### Information:
- - -
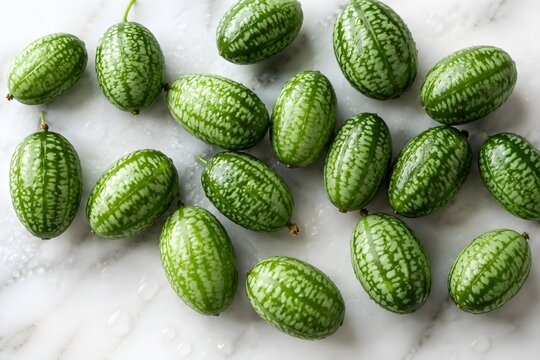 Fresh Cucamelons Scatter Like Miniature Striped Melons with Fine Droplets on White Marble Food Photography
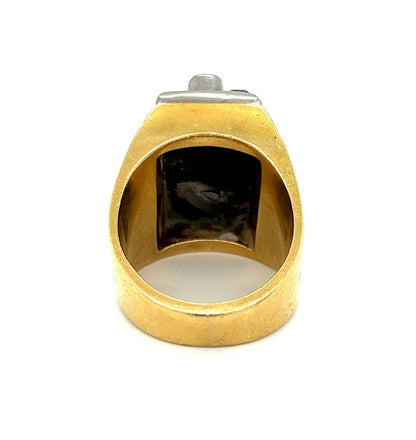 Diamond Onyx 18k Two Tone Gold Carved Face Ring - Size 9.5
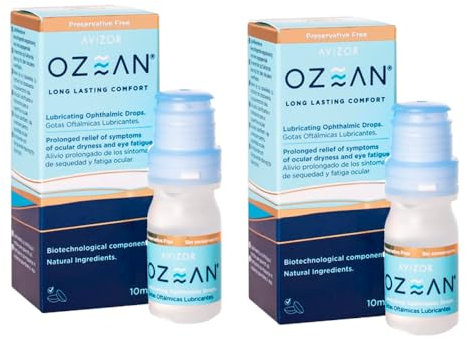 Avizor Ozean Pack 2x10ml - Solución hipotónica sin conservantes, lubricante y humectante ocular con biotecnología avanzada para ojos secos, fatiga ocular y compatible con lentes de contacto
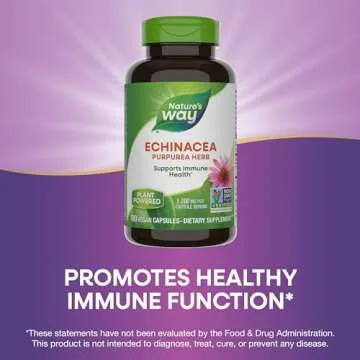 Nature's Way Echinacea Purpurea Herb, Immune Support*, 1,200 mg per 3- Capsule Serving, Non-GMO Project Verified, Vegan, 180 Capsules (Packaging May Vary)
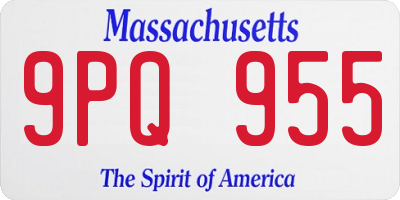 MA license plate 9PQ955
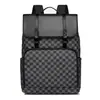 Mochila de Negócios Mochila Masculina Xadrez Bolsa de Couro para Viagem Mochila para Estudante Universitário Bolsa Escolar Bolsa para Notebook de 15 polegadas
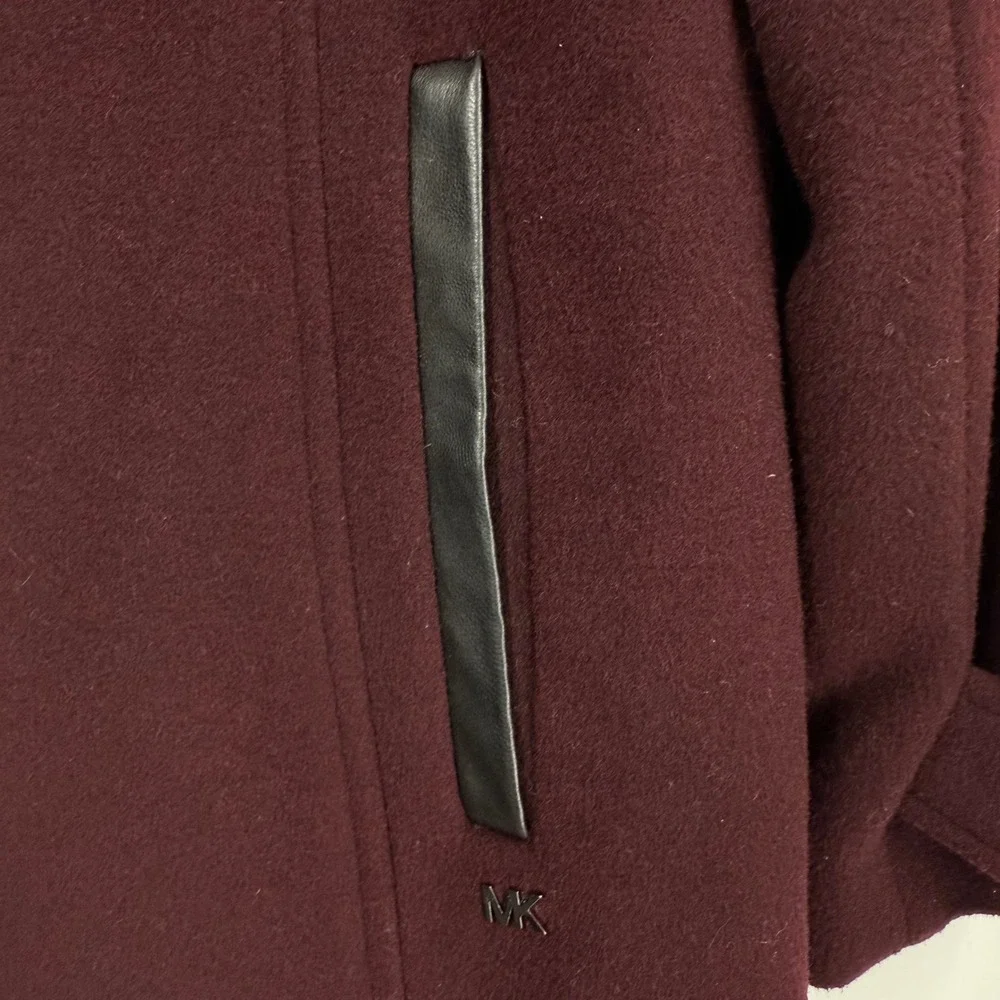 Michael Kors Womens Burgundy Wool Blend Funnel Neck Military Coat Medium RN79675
- - -
### What the exercise asks:
The expected output is an exact copy of the lines from the one holding "MA license plate 9PQ955" through the last line of the listing above, with the pictures omitted.

### Written solution:
 MA license plate 9PQ955
 Mochila de Negócios Mochila Masculina Xadrez Bolsa de Couro para Viagem Mochila para Estudante Universitário Bolsa Escolar Bolsa para Notebook de 15 polegadas
 Michael Kors Womens Burgundy Wool Blend Funnel Neck Military Coat Medium RN79675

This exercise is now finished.